Although the father wasn’t the best parental figure he was still a major influence on both his son and daughters’ lives. “By about the ninth or tenth grade my sisters one by one discovered my father’s bedroom and then the change would begin.” (Pg. 112) The girls would essentially develop the same interests as their father as stated in the story: “Shortly after my sisters began to read books, they grew restless and lost interest in darning socks and baking bread, and all of them eventually went to work as summer waitresses in the Sea Food Restaurant.” (Pg. 112)

Eventually all the daughters moved to far away cities after receiving their father’s consent to do so. The son on the other hand was affected in a rather different way. After his father had passed he did what he wanted him to do; which was to get an education. However, he found himself haunted by his father’s death and seemed to have missed the life he had before he became a university professor.

The physical aspect of the story tells us a lot about the father’s character as well. He burned and reburned over and over again and his lips still cracked so that they bled when he smiled, and his arms, especially the left, still broke out into the oozing salt-water boils as they had ever since as a child I had first watched him soaking and bathing them in a variety of ineffectual solutions. The chafe-preventing bracelets of brass-linked chain that all the men wore about their wrists in early spring were his the full season and he shaved but painfully and only once a week. (Pg. 121)

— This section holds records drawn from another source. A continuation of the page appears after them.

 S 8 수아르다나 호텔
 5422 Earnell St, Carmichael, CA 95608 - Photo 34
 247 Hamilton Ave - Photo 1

This shows the reader the profound effects physical life can have on oneself. The sea (and the fishing) not only affected the father mentally, but affected him physically as well. The description of the father’s tattered and lifeless body is another example of how the sea affected him as well: His hands were shredded ribbons as were his feet, which had lost their boots to the suction of the sea, and his shoulders came apart in our hands when we tried to move him from the rocks. And the fish had eaten his testicles and the gulls had pecked out his eyes and the white-green stubble of his whiskers had continued to grow in death, like the grass on graves, upon the purple, bloated mass that was his face. There was not much left of my father, physically, as he lay there with the brass chains on his wrists and the seaweed in his hair. (Pg. 125)

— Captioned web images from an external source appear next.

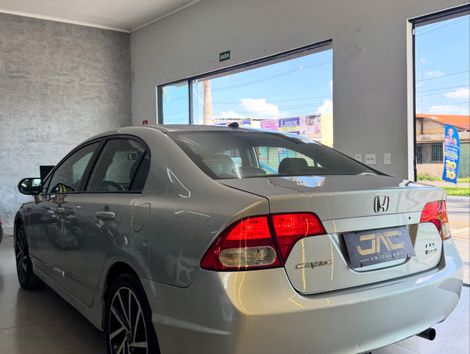 Honda Civic Sedan LXS 1.8/1.8 Flex 16V Mec. 4p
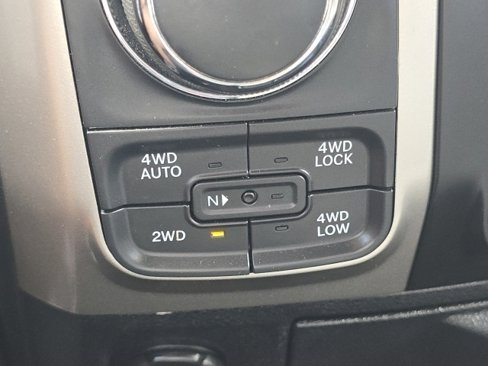 Used 2016 RAM 1500 Big Horn image 5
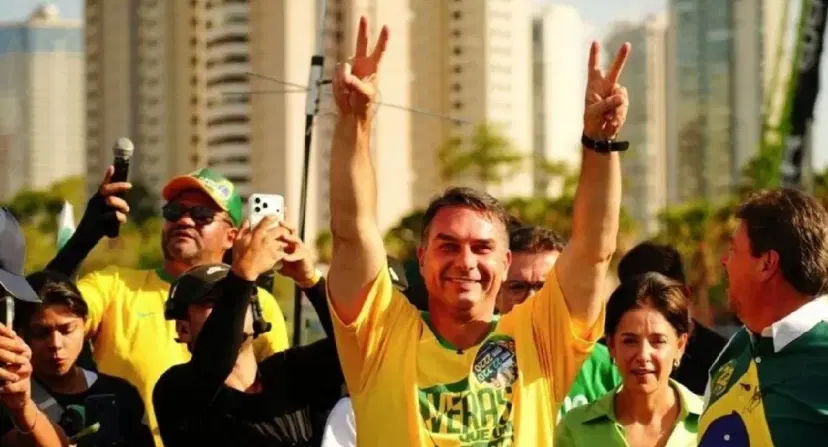 Flávio Bolsonaro Así fue la ruta de escape de Flávio Bolsonaro tras salir de Brasil: EE. UU. le daría visado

There is a touch of parody added by the seaweed at which is aimed toward the father who was chained, beaten, and consumed by the sea. Death was obviously his final attempt at “escaping”, however, he was still taken by what he was trying so hard to get away from in the first place. Making reference back to the quote “as he lay there with brass chains on his wrists…” (Pg. 125) it seems as though mentally he was free, but physically he was still bound to the sea forever.

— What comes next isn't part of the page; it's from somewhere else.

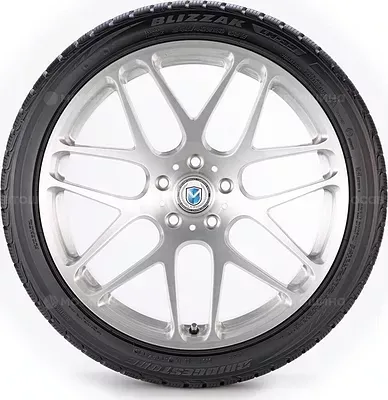 Bridgestone Blizzak LM32 255/40 R18 99V XL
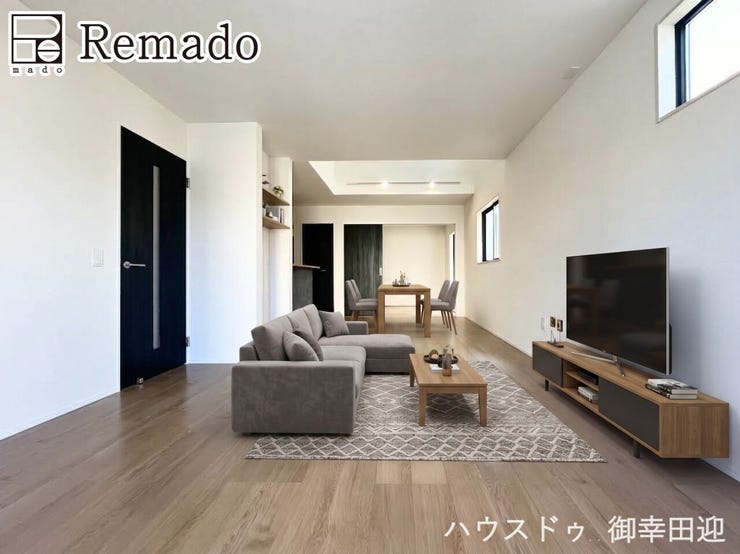 【リビング】
■家族の笑顔が集う中心地■お気に入りの家具を迎え、窓からは心地の良い光が差し込みます。※CGで家具を配置しています。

Was the father truly free at the end of the story? He had certain “methods” in which he used to escape into the person he truly was; however, in life he was never completely free in my opinion. The only thing that would truly set him free is that his own children would not have had that same obligation as he had to his father. It was interesting that he gave his daughters the passion for reading and pursuing a life very different from “a small fishing village” and in death (accidental or suicidal) gave his own son the freedom to choose his own destiny possibly breaking this cycle of obligation. This would give the father peace at the end of his life.